Y	Hacker News new \| ask \| show \| jobs

by djk447 1744 days ago

(NB: Post author here)

So this is a great question and we may do a whole post on this at some point in the future. There are definitely ways to shoot yourself in the foot, but hopefully we can avoid at least some of them.

The main way this happens now is that the pipeline elements actually return a custom data type that represents the composed set of functions, and we can (for at least part of the pipeline) handle simplification and combination of that into a single set of functions to run over the `timevector`.

With that said, there isn't great support for common subexpression elimination in PG right now, we're hoping we can solve some of that with both subqueries and maybe some fun stuff in the planner/executor, but we're going to try to solve that as we think about moving this from experimental into stable.

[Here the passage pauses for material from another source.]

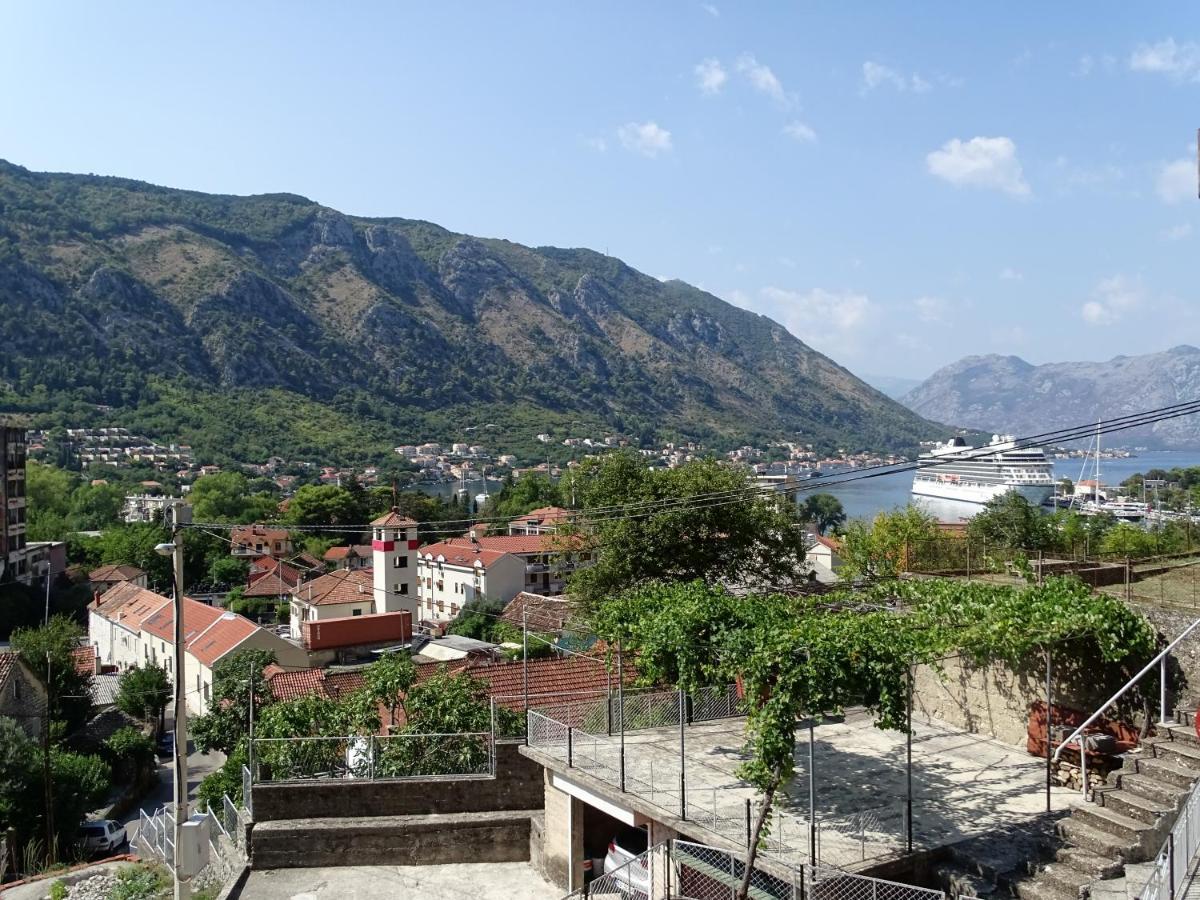 Clive Apartments Cattaro Esterno foto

Right now we hardly modify the query engine at all, these are just normal functions that are run and they'll probably remain that way for a while. The optimization here will happen more inside the datastructure or within a row to make sure we're not scanning the same `timevector` multiple times ideally. We do hope to add in some vectorization and other bits as we keep going but not 100% where that's going to go yet. I'm also going to ask a colleague to respond and clarify this cause he's working more heavily on it and I know some of the bits but only some of it...

1 comments

chrisjc 1744 days ago

> return a custom data type that represents the composed set of functions, and we can (for at least part of the pipeline) handle simplification and combination of that into a single set of functions to run over the `timevector`

I'm really having trouble wrapping my head around this idea. I guess it speaks volumes about the potential and power of PostgreSQL in general.

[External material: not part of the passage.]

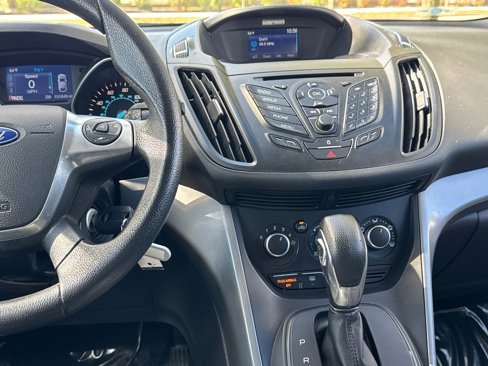 Used 2015 Ford Escape SE image 18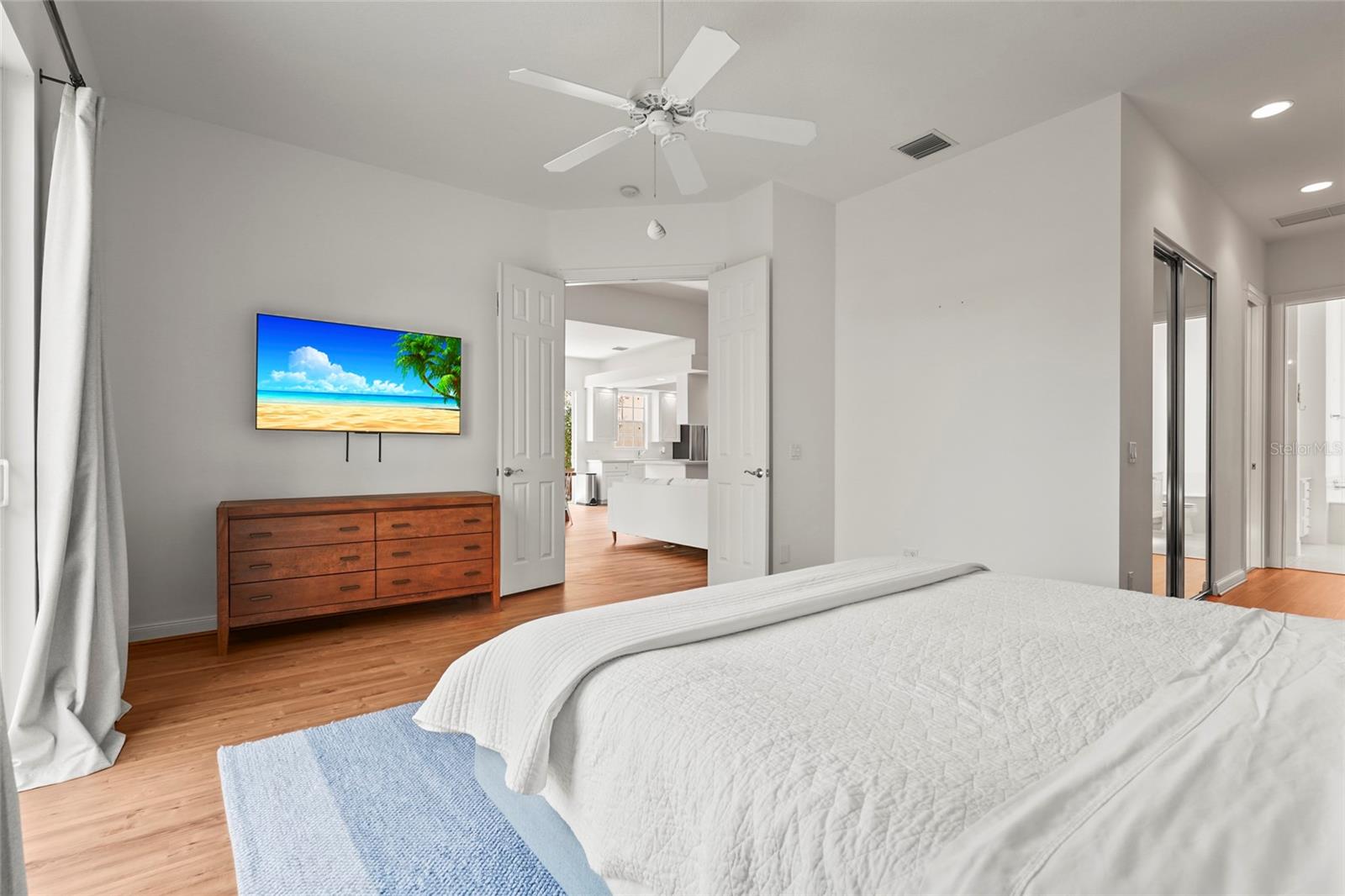 VILLAGEWALK - Residential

Has PostgreSQL ever been used like this in the past, or is this really thinking outside of the box?

We don't use TimeScale or have any intention of in the immediate future (Snowflake provides 99% of what we need atm), but I'm always interested and impressed to hear what they're doing.

link

djk447 1744 days ago

(NB: Post author here)

Yeah. It's a bit mind bending I guess. Will try to explain but might just need a longer format thing and we will probably do a piece on this in the future.

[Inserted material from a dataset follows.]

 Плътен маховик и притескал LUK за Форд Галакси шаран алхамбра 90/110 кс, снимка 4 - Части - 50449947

Essentially, each function returns a special "PipelineElement" datatype that identifies the function, but not what it's acting on. When you string them together, it returns a "PipelineElement" that represents the composition of all the functions with the correct ordering etc. That can then be applied to the incoming `timevector`.

As far as I know, no one's done this before. I don't think it's a completely new idea, Stonebreaker thought about how you can treat code as data and thought that bringing data and code closer together was an important goal of the Postgres project, but this specific way of doing it is pretty new and out there I think!

I think most people would think that in order to do this you'd need to do something like modify the parser or something more invasive.

(We do use one planner hook on the function call, the expression simplification one that allows us to convert something like `timevector(ts, val) -> sort() -> delta() -> abs() -> sum()` into `timevector(ts, val) -> (sort() -> delta() -> abs() -> sum())` so that all the operations can be done in a single pass. But that's pretty minor. If we need to figure something out around the common subexpression elimination we may need to hook into the planner a little more, we'll see).

link

djk447 1744 days ago

Oh yeah, and building on this, this is also the source of the ability to actually store the pipeline element in the database, say in a column and apply it later that I mentioned in a comment below. That's one of the cool mind-bending things this allows.

The example I gave below was building on the example in the post, where we had thermometers. Except now think about if you have thermocouples and each thermocouple had its own calibration curve, and they were different types so they might even have different types of equations providing the calibration curve.

You can now store the pipeline that does the correct adjustments and calculates the actual temperature separately for each `device_id` and JOIN to the "calibrations" table to apply the calculation.

It's kinda crazy, but really cool and I'm hoping to do a post on that whole thing at some point to encourage people to play around with it and see what sorts of things it allows...

link

derefr 1743 days ago

For your next magic trick, I'd suggest using these to build a Postgres equivalent to Lucene's persisted levenstein automata :)

link

chousuke 1742 days ago

From your description it sounds like you've implemented in PostgreSQL something akin to Haskell's IO, which is also a datastructure representing operations, with ordering enforced by it beind a monad. That sounds pretty cool.

link